#### EXERCISE DESCRIPTION
Once you reach the line with "Freddie Highmore como Shaun Murphy" below, copy each line exactly, stopping after the line with "Peugeot 2008 - 17", and skip any pictures.

#### DATASET EXCERPTS
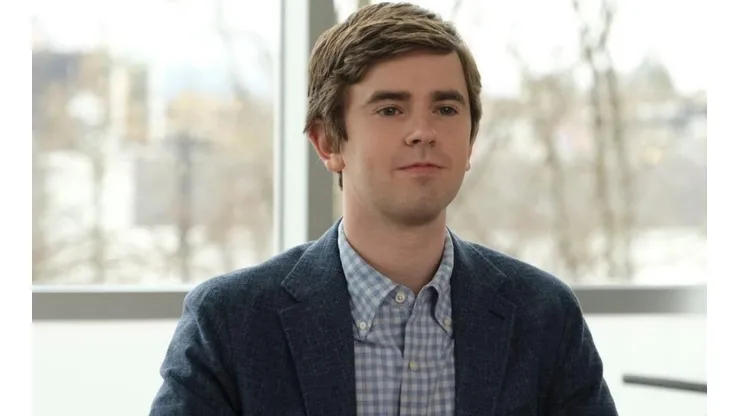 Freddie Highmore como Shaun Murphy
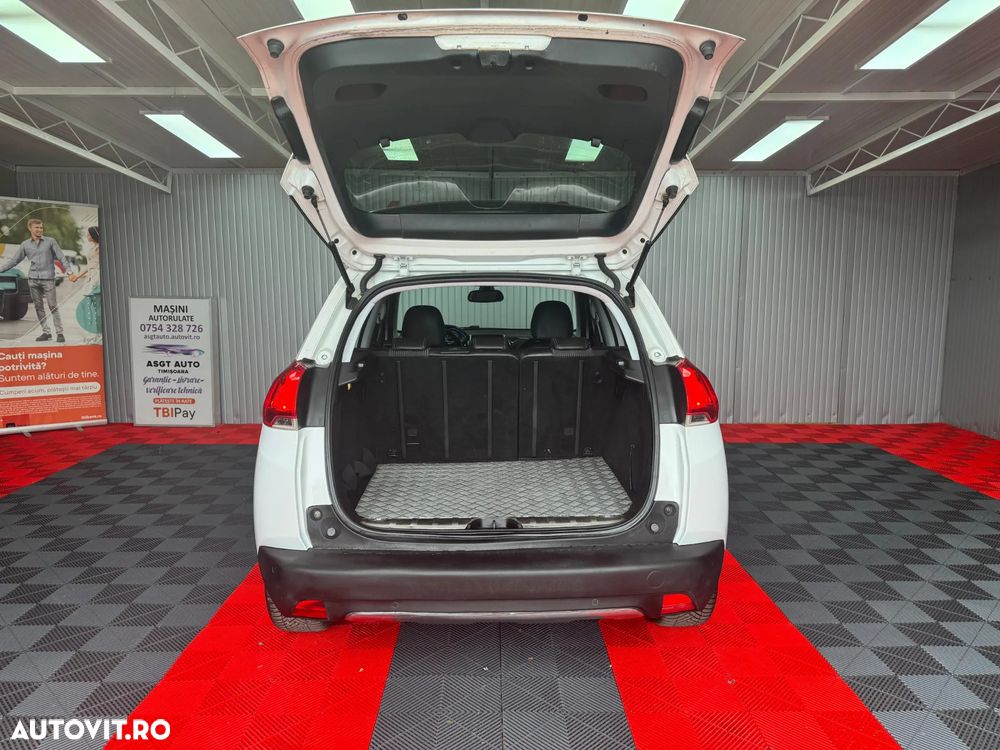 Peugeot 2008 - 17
---
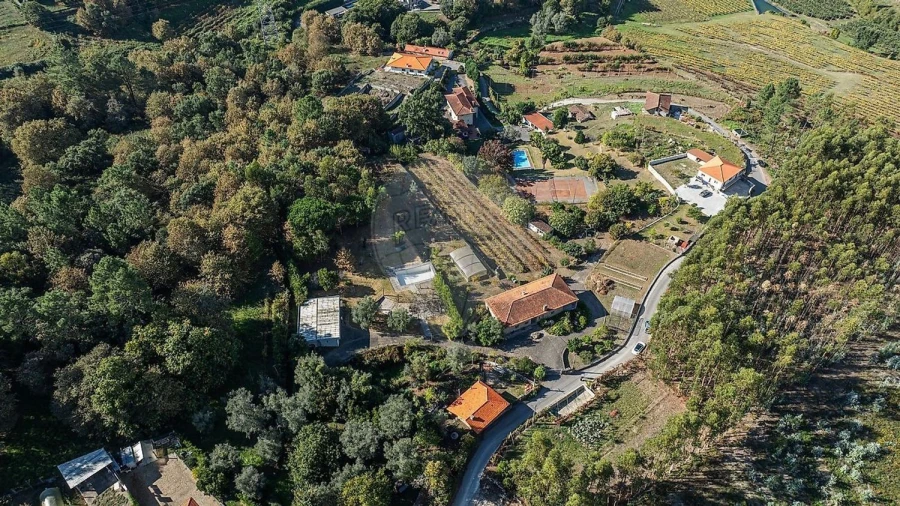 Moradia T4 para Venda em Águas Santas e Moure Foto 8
* * *
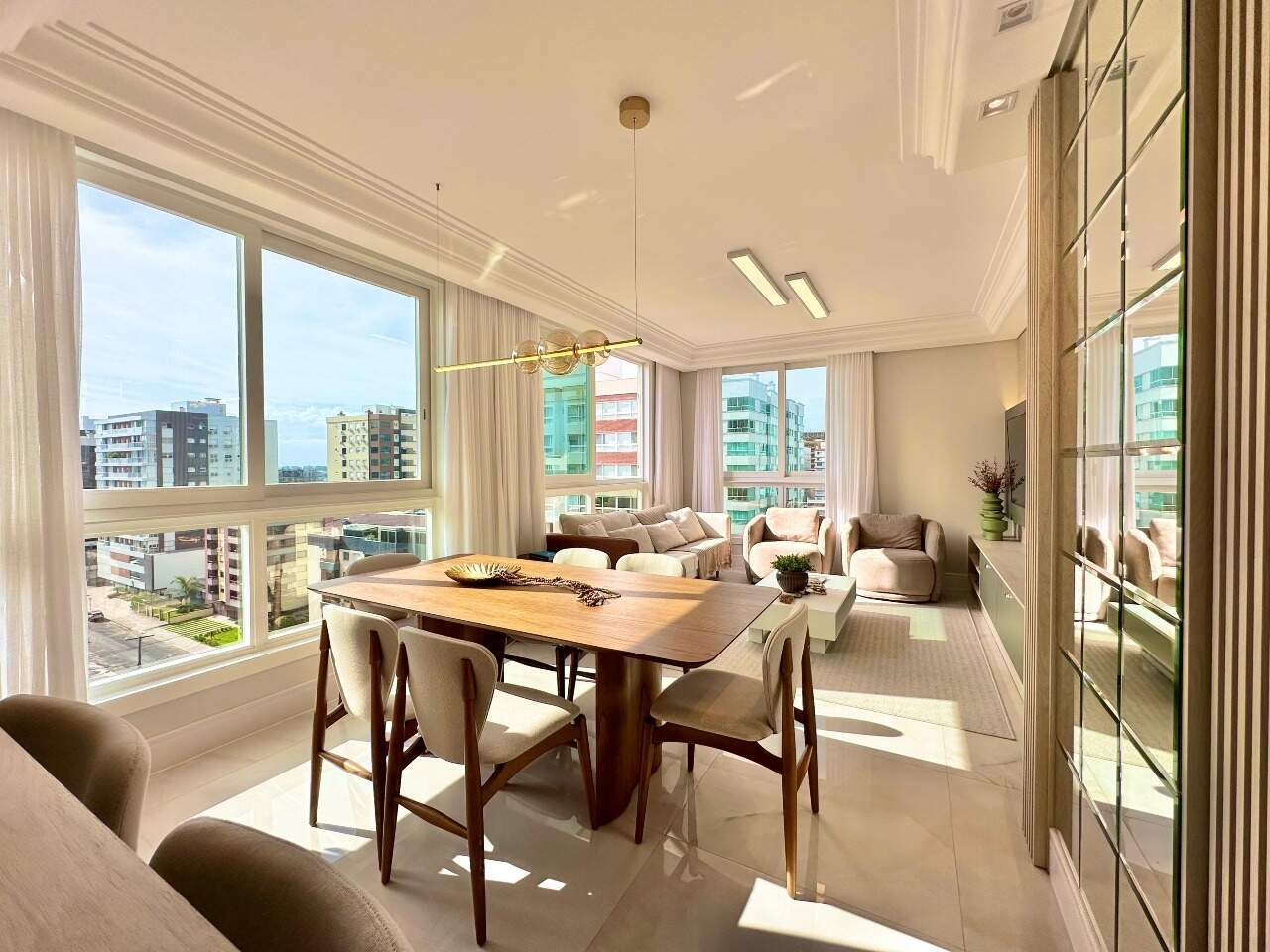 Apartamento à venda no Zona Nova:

#### WRITTEN SOLUTION
 Freddie Highmore como Shaun Murphy
 Peugeot 2008 - 17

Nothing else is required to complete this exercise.